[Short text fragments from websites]

=-=-=-=-=

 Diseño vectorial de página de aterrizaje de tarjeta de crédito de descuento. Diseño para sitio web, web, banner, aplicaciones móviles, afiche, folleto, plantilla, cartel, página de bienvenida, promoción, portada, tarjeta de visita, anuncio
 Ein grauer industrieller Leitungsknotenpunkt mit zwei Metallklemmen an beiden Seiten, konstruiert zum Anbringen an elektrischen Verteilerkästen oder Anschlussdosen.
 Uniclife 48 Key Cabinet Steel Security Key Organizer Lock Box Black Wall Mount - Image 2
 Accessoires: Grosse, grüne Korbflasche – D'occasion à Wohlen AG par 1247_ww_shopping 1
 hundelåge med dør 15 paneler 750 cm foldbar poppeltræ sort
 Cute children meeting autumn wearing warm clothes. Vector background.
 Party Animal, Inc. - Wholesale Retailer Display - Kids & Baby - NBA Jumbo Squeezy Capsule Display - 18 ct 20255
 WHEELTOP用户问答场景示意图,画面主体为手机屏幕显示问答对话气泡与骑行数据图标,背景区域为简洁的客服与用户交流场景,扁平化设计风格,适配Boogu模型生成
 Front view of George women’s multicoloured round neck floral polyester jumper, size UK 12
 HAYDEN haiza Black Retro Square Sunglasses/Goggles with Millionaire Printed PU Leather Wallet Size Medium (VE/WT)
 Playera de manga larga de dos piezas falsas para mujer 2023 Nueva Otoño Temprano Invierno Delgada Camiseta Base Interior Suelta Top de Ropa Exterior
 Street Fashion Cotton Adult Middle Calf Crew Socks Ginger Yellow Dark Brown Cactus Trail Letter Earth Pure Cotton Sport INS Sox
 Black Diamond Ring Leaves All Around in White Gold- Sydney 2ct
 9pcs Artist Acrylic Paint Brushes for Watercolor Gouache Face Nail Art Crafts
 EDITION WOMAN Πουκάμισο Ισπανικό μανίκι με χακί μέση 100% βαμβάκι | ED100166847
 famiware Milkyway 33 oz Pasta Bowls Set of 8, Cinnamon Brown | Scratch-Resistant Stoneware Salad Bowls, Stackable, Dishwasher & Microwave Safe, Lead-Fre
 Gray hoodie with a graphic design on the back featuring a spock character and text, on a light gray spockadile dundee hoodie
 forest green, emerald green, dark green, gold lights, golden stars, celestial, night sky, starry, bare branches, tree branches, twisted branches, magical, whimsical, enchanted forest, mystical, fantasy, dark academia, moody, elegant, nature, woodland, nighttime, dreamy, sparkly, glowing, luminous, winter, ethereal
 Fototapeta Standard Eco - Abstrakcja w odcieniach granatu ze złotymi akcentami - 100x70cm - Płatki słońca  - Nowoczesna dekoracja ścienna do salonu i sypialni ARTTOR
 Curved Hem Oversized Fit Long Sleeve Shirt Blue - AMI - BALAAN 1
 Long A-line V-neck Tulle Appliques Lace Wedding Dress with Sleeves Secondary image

=-=-=-=-=

# Task prompt
Return each line of the data exactly as it was given.

# The answer
 Diseño vectorial de página de aterrizaje de tarjeta de crédito de descuento. Diseño para sitio web, web, banner, aplicaciones móviles, afiche, folleto, plantilla, cartel, página de bienvenida, promoción, portada, tarjeta de visita, anuncio
 Ein grauer industrieller Leitungsknotenpunkt mit zwei Metallklemmen an beiden Seiten, konstruiert zum Anbringen an elektrischen Verteilerkästen oder Anschlussdosen.
 Uniclife 48 Key Cabinet Steel Security Key Organizer Lock Box Black Wall Mount - Image 2
 Accessoires: Grosse, grüne Korbflasche – D'occasion à Wohlen AG par 1247_ww_shopping 1
 hundelåge med dør 15 paneler 750 cm foldbar poppeltræ sort
 Cute children meeting autumn wearing warm clothes. Vector background.
 Party Animal, Inc. - Wholesale Retailer Display - Kids & Baby - NBA Jumbo Squeezy Capsule Display - 18 ct 20255
 WHEELTOP用户问答场景示意图,画面主体为手机屏幕显示问答对话气泡与骑行数据图标,背景区域为简洁的客服与用户交流场景,扁平化设计风格,适配Boogu模型生成
 Front view of George women’s multicoloured round neck floral polyester jumper, size UK 12
 HAYDEN haiza Black Retro Square Sunglasses/Goggles with Millionaire Printed PU Leather Wallet Size Medium (VE/WT)
 Playera de manga larga de dos piezas falsas para mujer 2023 Nueva Otoño Temprano Invierno Delgada Camiseta Base Interior Suelta Top de Ropa Exterior
 Street Fashion Cotton Adult Middle Calf Crew Socks Ginger Yellow Dark Brown Cactus Trail Letter Earth Pure Cotton Sport INS Sox
 Black Diamond Ring Leaves All Around in White Gold- Sydney 2ct
 9pcs Artist Acrylic Paint Brushes for Watercolor Gouache Face Nail Art Crafts
 EDITION WOMAN Πουκάμισο Ισπανικό μανίκι με χακί μέση 100% βαμβάκι | ED100166847
 famiware Milkyway 33 oz Pasta Bowls Set of 8, Cinnamon Brown | Scratch-Resistant Stoneware Salad Bowls, Stackable, Dishwasher & Microwave Safe, Lead-Fre
 Gray hoodie with a graphic design on the back featuring a spock character and text, on a light gray spockadile dundee hoodie
 forest green, emerald green, dark green, gold lights, golden stars, celestial, night sky, starry, bare branches, tree branches, twisted branches, magical, whimsical, enchanted forest, mystical, fantasy, dark academia, moody, elegant, nature, woodland, nighttime, dreamy, sparkly, glowing, luminous, winter, ethereal
 Fototapeta Standard Eco - Abstrakcja w odcieniach granatu ze złotymi akcentami - 100x70cm - Płatki słońca  - Nowoczesna dekoracja ścienna do salonu i sypialni ARTTOR
 Curved Hem Oversized Fit Long Sleeve Shirt Blue - AMI - BALAAN 1
 Long A-line V-neck Tulle Appliques Lace Wedding Dress with Sleeves Secondary image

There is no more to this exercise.